> Your task: Repeat precisely the span of lines below that opens with the line containing "In the last" and closes with the line containing "Hi, I'm Scott", both included.

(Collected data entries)
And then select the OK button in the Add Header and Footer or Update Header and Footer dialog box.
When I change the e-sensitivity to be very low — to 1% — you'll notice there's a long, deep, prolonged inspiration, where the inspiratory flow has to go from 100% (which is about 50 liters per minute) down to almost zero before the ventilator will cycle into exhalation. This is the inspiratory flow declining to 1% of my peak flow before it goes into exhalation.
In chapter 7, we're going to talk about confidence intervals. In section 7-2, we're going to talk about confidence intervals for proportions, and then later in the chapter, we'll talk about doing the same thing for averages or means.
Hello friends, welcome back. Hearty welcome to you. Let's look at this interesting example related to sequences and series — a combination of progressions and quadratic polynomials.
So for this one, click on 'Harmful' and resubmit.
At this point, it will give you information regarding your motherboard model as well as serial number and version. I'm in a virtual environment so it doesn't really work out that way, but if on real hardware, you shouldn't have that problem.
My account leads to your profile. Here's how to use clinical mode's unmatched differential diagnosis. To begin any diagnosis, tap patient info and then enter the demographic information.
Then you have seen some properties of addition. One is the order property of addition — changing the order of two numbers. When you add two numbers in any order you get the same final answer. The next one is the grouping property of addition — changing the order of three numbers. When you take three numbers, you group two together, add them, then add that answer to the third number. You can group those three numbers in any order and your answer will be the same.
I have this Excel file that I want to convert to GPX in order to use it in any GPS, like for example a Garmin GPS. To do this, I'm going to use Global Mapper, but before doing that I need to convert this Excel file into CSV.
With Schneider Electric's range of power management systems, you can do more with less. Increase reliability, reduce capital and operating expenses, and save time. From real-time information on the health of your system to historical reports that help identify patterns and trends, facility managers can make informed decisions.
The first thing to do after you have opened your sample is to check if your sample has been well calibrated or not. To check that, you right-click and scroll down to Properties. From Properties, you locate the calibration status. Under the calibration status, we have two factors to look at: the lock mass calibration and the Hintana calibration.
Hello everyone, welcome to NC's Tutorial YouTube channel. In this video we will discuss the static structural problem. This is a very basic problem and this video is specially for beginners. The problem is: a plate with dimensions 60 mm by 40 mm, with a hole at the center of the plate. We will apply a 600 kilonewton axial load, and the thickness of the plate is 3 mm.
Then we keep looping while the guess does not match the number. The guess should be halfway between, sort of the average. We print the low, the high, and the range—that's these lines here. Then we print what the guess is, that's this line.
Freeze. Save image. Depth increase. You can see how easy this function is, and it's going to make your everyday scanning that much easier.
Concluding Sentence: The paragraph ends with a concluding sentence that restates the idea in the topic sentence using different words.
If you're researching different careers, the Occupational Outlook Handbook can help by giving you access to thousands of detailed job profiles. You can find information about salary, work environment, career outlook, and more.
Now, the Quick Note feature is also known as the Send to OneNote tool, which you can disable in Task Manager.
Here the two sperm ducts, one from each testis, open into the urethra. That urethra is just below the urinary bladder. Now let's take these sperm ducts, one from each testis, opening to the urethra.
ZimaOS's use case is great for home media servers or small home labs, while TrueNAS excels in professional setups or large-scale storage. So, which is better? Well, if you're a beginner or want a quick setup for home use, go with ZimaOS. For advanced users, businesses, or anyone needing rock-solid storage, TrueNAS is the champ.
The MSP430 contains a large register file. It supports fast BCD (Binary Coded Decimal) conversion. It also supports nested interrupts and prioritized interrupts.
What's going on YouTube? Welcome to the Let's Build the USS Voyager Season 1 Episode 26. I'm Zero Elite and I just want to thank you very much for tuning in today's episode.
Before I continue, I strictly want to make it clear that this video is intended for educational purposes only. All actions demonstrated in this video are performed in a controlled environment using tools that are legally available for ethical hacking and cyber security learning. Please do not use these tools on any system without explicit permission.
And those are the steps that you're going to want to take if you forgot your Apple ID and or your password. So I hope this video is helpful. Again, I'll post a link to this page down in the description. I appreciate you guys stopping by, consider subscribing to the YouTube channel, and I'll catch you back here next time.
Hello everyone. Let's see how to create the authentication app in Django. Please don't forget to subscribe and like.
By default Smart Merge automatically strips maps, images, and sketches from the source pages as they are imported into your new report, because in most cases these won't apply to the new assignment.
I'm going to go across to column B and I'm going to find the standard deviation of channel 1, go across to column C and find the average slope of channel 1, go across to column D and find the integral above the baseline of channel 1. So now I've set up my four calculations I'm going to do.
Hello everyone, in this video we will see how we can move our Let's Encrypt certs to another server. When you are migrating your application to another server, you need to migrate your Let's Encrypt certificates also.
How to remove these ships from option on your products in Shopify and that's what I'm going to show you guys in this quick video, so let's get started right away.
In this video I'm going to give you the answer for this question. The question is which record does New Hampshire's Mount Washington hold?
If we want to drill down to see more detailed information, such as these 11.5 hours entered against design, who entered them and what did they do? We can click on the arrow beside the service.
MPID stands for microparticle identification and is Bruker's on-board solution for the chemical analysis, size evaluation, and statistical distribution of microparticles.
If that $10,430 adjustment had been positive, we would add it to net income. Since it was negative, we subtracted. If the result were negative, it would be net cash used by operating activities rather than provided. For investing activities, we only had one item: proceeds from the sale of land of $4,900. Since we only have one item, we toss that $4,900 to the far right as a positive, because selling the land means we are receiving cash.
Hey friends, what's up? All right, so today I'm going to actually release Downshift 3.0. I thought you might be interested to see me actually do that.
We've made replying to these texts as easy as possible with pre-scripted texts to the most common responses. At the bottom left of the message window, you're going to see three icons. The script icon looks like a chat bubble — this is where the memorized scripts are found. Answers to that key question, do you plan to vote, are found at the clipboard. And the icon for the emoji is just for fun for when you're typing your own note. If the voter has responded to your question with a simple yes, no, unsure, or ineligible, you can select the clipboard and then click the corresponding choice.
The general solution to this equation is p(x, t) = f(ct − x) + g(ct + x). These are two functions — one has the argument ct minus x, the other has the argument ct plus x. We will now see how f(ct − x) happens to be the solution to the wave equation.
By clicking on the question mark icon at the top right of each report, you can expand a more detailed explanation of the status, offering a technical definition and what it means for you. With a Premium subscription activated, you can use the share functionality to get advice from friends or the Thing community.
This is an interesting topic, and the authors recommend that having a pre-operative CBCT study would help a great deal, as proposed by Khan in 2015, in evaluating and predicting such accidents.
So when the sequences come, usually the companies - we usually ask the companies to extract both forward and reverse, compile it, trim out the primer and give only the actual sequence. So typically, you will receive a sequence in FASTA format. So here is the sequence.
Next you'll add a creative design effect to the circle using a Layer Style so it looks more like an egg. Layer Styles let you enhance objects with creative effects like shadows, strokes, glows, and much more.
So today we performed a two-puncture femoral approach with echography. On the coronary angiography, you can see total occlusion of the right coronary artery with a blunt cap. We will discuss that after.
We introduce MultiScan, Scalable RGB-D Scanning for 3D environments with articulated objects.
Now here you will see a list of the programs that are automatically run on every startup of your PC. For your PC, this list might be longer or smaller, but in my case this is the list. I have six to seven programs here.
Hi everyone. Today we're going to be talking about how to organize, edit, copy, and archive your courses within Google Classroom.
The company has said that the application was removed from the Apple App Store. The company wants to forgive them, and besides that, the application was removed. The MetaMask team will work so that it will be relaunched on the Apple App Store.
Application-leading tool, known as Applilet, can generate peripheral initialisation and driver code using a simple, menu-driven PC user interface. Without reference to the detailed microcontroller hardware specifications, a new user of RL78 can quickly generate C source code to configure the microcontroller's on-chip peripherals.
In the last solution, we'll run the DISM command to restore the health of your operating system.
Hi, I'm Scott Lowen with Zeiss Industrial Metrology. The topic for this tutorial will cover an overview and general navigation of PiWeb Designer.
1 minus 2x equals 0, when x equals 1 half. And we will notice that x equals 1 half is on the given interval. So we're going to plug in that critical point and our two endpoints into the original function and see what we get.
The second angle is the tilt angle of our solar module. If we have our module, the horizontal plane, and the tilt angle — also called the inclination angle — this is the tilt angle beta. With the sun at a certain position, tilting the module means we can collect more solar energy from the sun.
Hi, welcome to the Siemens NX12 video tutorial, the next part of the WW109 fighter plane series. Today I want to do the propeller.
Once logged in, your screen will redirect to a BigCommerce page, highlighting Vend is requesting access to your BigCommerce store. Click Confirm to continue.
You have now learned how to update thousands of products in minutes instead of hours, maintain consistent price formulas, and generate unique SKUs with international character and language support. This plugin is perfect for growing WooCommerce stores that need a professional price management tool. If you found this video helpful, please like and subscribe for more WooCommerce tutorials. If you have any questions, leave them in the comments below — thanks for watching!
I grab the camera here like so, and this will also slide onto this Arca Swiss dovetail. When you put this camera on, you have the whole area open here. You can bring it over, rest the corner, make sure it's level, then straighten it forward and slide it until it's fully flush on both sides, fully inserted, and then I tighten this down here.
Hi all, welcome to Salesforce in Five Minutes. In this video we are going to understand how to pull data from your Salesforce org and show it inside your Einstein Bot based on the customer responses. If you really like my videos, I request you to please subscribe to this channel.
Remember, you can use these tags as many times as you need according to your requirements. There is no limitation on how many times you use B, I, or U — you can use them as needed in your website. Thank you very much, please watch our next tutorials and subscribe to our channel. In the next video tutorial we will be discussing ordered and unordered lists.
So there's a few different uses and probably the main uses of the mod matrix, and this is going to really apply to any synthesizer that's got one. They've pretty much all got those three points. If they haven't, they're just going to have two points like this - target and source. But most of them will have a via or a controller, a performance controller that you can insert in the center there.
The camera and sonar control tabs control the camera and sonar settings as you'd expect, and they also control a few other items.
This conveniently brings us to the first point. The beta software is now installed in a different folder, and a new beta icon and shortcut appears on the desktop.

> Response below:
In the last solution, we'll run the DISM command to restore the health of your operating system.
Hi, I'm Scott Lowen with Zeiss Industrial Metrology. The topic for this tutorial will cover an overview and general navigation of PiWeb Designer.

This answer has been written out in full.